The difference between knowing that something works and knowing the details of how something works opens a world of opportunity when applied to building systems. Lighting, HVAC, and domestic hot-water systems account for roughly 50 to 80 percent of a building’s total energy consumption. Given this fact, it becomes clear that understanding the details of how your systems operate can have real impacts on efficiency and operational savings.
It’s not uncommon for facility teams in existing buildings to have only a general knowledge of their building systems. Teams are often overworked and understaffed. The prior education and experience of team members may not align with the building systems’ technology, and there may be no solid systems documentation from which to draw. But, all facility teams have the capacity to develop an in-depth understanding of their building systems, and this knowledge is paramount to efficiency improvements.
An Ounce of Prevention
Unfortunately, building systems don’t come equipped with “failure” lights to let you know when they need a check-up. Most systems are on autopilot until the damage is done. An in-depth knowledge of systems operation enables you to anticipate or avoid premature failures. Through regular inspections and proactive measures, you can address operational problems before they result in excessive equipment wear and tear, and years of additional, unnecessary energy consumption.
Another practical advantage of assessing the efficiency and energy consumption of each system is that you can more effectively plan for equipment replacement and/or upgrades. Precise information on systems’ efficiencies is necessary for a well-informed cost-benefit analysis. In today’s volatile energy market, you may be in line for an upgrade sooner than originally anticipated if you find evidence of a quick return on investment from energy savings.
Translating Knowledge into Savings
Rule No. 1: operation = energy consumption. Minimize your systems’ operational schedules to operate only when necessary. Although this seems obvious, it’s frequently not done. Dig into the details of your system based on its programming and controls to find out exactly when each component in the system is running. Be sure your systems are turned off or set back during weekends and holidays when occupancy is low. If you need to accommodate only a few people in the building, look for creative solutions rather than operating the entire system for the additional time. If systems give you trouble at start-up, don’t automatically start entire systems 2 hours before occupancy. Experiment with different start times. Better yet, look at an optimal start-up strategy with proper controls. Control strategies work well once they’re optimized.

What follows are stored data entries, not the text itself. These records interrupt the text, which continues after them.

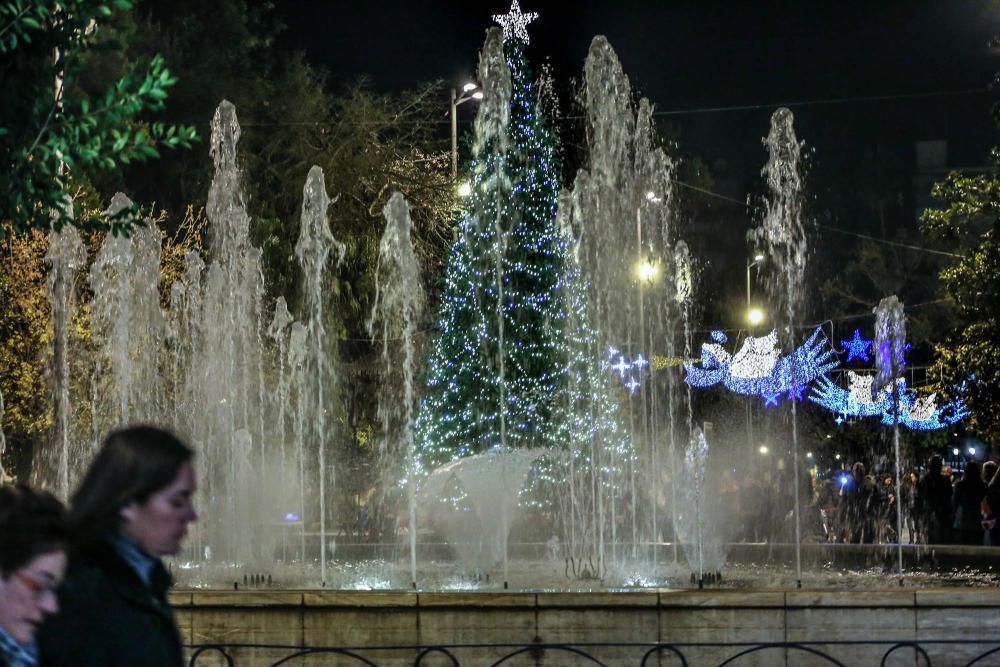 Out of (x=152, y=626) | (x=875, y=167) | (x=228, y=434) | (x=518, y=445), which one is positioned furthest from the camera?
(x=875, y=167)

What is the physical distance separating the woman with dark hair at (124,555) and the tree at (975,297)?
1912cm

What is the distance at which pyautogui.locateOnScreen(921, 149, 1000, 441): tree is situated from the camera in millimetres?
21391

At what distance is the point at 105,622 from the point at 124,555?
16 cm

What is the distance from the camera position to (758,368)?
40562 millimetres

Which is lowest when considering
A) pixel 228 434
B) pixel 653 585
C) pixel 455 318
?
pixel 653 585

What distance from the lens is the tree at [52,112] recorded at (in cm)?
786

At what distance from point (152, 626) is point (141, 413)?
2113 cm

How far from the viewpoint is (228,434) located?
2203cm

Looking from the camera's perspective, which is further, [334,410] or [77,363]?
[334,410]

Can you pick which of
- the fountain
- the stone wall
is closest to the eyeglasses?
the stone wall

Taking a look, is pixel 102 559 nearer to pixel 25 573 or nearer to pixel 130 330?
pixel 25 573

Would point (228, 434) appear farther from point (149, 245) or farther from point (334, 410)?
point (334, 410)

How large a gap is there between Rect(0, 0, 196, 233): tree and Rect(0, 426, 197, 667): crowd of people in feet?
15.0

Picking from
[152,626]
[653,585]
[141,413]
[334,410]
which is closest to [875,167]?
[334,410] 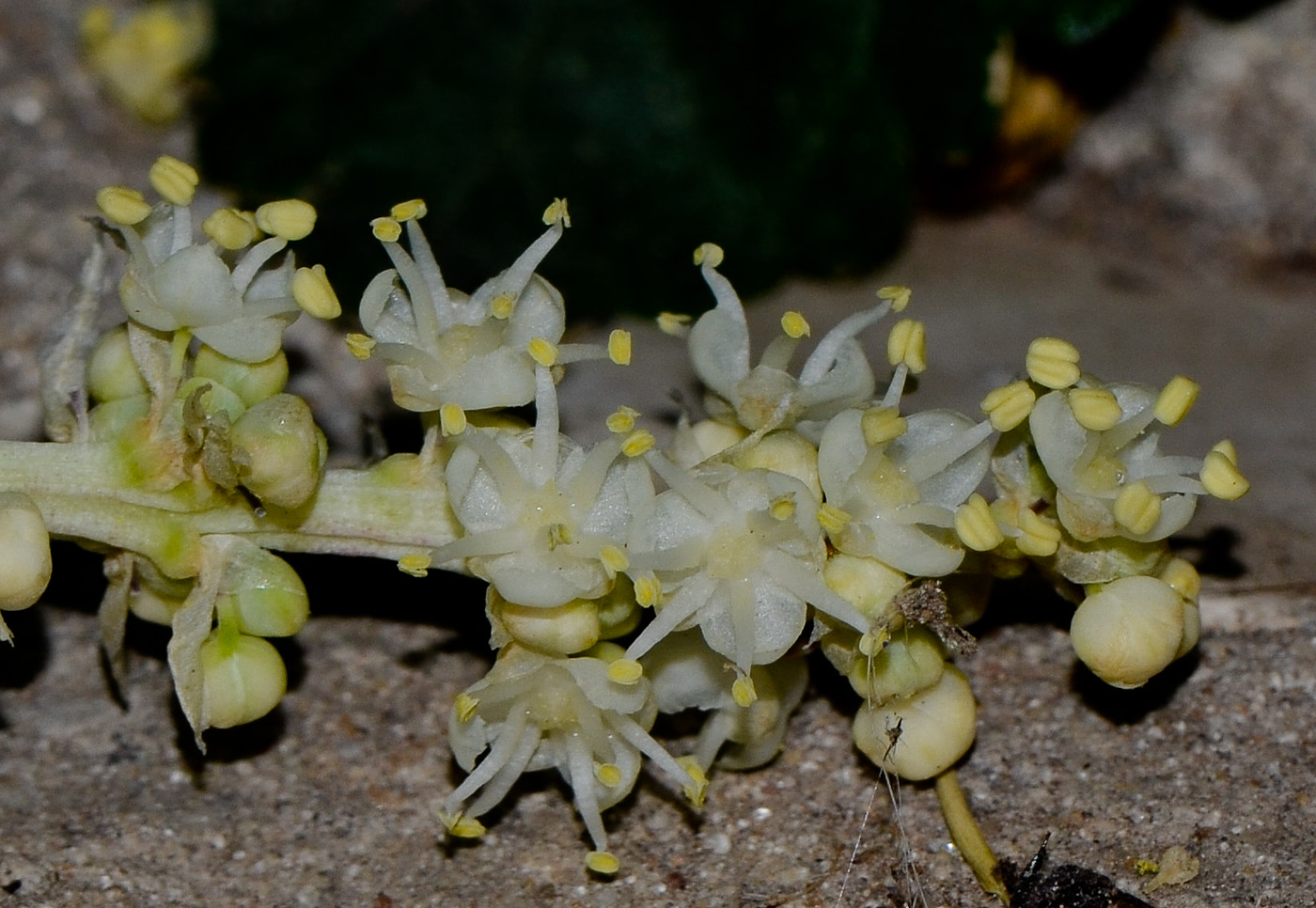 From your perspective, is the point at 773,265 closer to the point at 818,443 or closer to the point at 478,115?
the point at 478,115

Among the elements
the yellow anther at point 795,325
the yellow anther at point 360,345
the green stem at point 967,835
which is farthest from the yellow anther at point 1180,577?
the yellow anther at point 360,345

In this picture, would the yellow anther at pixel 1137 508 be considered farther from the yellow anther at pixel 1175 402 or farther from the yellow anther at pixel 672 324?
the yellow anther at pixel 672 324

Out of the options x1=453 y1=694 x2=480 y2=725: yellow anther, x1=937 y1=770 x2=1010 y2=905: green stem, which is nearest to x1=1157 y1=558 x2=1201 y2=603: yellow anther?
x1=937 y1=770 x2=1010 y2=905: green stem

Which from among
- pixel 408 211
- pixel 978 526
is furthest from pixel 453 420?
pixel 978 526

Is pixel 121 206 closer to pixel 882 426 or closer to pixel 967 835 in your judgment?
pixel 882 426

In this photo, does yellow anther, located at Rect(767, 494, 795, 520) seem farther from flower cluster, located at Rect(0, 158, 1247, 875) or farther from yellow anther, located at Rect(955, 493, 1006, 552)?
yellow anther, located at Rect(955, 493, 1006, 552) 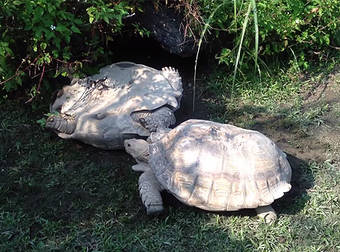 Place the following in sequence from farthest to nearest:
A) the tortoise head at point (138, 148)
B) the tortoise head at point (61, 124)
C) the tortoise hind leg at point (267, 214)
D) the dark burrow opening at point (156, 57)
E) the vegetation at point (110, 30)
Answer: the dark burrow opening at point (156, 57)
the tortoise head at point (61, 124)
the vegetation at point (110, 30)
the tortoise head at point (138, 148)
the tortoise hind leg at point (267, 214)

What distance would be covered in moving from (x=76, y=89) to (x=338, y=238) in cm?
264

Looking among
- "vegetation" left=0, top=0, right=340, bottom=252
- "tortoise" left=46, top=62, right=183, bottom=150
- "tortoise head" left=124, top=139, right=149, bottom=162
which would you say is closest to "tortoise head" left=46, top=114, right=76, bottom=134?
"tortoise" left=46, top=62, right=183, bottom=150

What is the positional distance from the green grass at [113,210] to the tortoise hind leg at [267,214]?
49 mm

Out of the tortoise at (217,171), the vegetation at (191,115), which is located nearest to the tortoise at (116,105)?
the vegetation at (191,115)

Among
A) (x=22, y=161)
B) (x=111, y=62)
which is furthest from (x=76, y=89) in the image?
(x=22, y=161)

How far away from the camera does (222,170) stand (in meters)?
3.14

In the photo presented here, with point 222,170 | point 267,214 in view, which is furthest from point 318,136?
point 222,170

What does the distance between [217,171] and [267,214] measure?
493 mm

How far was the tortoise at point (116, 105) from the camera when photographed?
153 inches

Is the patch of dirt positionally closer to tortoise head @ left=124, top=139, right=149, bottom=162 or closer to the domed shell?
the domed shell

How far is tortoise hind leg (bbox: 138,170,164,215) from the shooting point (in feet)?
10.7

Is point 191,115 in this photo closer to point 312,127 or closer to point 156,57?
point 156,57

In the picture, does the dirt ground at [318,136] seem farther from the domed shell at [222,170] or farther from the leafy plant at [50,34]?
the leafy plant at [50,34]

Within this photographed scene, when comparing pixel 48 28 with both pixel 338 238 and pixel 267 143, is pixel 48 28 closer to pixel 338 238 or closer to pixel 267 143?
pixel 267 143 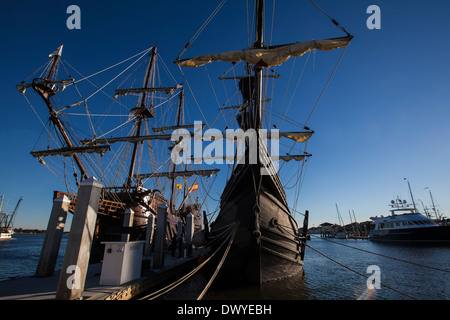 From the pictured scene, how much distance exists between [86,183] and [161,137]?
1615 cm

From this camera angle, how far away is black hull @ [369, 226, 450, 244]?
34287mm

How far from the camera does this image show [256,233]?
8234mm

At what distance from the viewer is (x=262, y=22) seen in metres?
9.92

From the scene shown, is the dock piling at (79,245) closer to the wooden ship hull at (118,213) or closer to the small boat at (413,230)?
the wooden ship hull at (118,213)

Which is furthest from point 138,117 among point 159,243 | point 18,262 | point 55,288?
point 55,288

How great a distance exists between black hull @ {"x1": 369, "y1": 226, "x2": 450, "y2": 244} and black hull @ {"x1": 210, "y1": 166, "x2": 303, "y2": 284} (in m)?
40.5

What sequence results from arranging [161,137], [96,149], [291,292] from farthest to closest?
[161,137] < [96,149] < [291,292]

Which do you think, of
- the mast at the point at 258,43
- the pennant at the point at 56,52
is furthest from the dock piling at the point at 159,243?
the pennant at the point at 56,52

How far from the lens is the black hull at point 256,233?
8.66 meters

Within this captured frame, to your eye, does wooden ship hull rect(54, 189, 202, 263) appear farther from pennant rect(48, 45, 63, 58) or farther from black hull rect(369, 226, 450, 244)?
black hull rect(369, 226, 450, 244)

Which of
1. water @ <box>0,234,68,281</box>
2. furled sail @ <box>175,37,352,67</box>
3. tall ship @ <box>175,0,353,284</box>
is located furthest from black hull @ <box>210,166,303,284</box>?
water @ <box>0,234,68,281</box>

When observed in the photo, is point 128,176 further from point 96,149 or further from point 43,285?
point 43,285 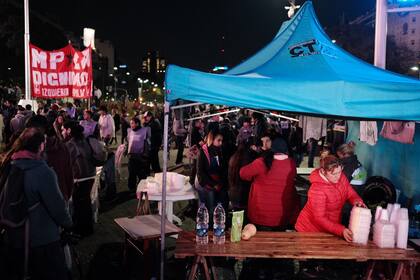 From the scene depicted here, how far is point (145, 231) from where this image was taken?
18.2 feet

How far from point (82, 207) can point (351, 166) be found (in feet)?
15.6

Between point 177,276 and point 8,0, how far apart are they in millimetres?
34777

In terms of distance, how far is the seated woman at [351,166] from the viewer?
26.3 feet

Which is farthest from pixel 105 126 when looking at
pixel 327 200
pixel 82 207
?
pixel 327 200

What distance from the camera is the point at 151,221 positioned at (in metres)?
6.09

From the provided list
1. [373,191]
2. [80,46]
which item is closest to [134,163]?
[373,191]

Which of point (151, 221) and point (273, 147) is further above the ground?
point (273, 147)

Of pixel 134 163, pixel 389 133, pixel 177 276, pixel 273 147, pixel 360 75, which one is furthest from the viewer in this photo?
pixel 134 163

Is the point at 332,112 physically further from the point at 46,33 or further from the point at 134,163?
the point at 46,33

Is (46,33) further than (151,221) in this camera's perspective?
Yes

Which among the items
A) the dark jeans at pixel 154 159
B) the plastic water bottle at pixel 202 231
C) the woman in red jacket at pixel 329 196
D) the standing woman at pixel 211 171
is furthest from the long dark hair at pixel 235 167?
the dark jeans at pixel 154 159

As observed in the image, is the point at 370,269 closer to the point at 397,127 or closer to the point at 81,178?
the point at 397,127

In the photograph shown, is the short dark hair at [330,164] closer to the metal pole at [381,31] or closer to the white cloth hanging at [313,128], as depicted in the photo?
the metal pole at [381,31]

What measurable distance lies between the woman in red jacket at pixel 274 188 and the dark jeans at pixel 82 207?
3.07 m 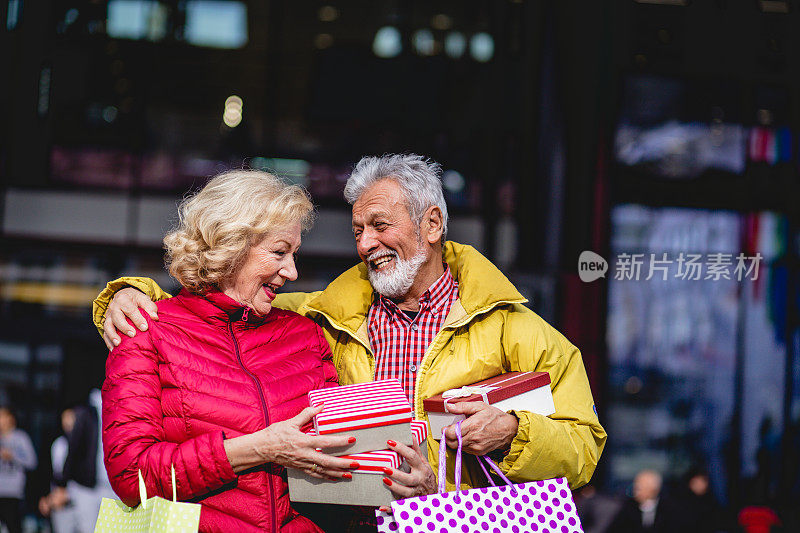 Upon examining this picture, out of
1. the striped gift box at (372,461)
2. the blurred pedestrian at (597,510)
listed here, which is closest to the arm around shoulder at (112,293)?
the striped gift box at (372,461)

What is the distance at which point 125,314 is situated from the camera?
2650 millimetres

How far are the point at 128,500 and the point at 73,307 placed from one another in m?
6.96

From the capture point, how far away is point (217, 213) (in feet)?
8.82

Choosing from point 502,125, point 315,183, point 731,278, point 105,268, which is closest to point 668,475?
point 731,278

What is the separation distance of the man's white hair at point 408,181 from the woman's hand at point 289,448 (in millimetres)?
1166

Match the cooling and heating capacity delivered by systems as close as possible to the actual load on the system. Having variable capacity capability is essential to achieving better alignment with the load, but you can’t tap into this flexibility without the right controls. Once you understand what your equipment is doing to meet the load, you can tell if your equipment needs an upgrade or if your controls need an upgrade, or possibly both. For example, the short cycling of pumps is one key indicator that you may need a variable speed drive upgrade. Short cycling of compressors or chillers are other warning factors.
Take advantage of “free” cooling prior to occupancy. Operate your fan systems in a morning cool-down mode to pull in outside air. In a large building, the temperature differential between the outside air and building mass usually makes running the fans in the early morning more efficient than bringing the chiller plant online earlier in the day. Although it’s a common belief that you need a temperature delta of 10 to 12 degrees or greater to warrant this strategy, even a delta of 6 to 8 degrees can consume less energy than bringing the chiller plant online sooner in the morning.
During occupancy, make sure the dampers in an airside economizer package are working properly. Even on larger buildings with experienced staff, it’s not unusual to find that dampers don’t open at all, or don’t open and close as completely as they should. Water-side economizers are even more efficient than airside economizers, but they require controls that can fail undetected, resulting in mechanical cooling operation in lieu of free cooling. The facility manager should integrate inspections into the maintenance plan to verify that all valves and dampers maintain correct positioning.
Utilize additional cooling capacity available from a cooling tower to lower your condenser water temperature, which will lower your chiller’s power consumption. This is commonly known as floating head pressure control. Look at the whole picture. Understand how each piece of equipment operates within the system. How you would expect them to operate may differ from how they actually operate once they’re affected by other equipment in a system. For example, in the Northwest, simultaneous heating and cooling occurs in large buildings to heat the perimeter and cool the interior or cool one exposure while heating another. Understanding the load diversity within your building’s zones will help you create an optimized solution for delivery of cooling and heating capacities. Recognizing significant load diversity may warrant system changes.
Three Power Tools
Three tools exist to help you assess the details of how your system is operating: observation, functional testing, and trending or data logging.
Observation. Go beyond walking through your space. Inspect your systems frequently to see how they’re operating on a day-to-day basis under real load conditions. Take full advantage of all available design and construction documentation on the building to understand the intent of each piece of equipment in each system.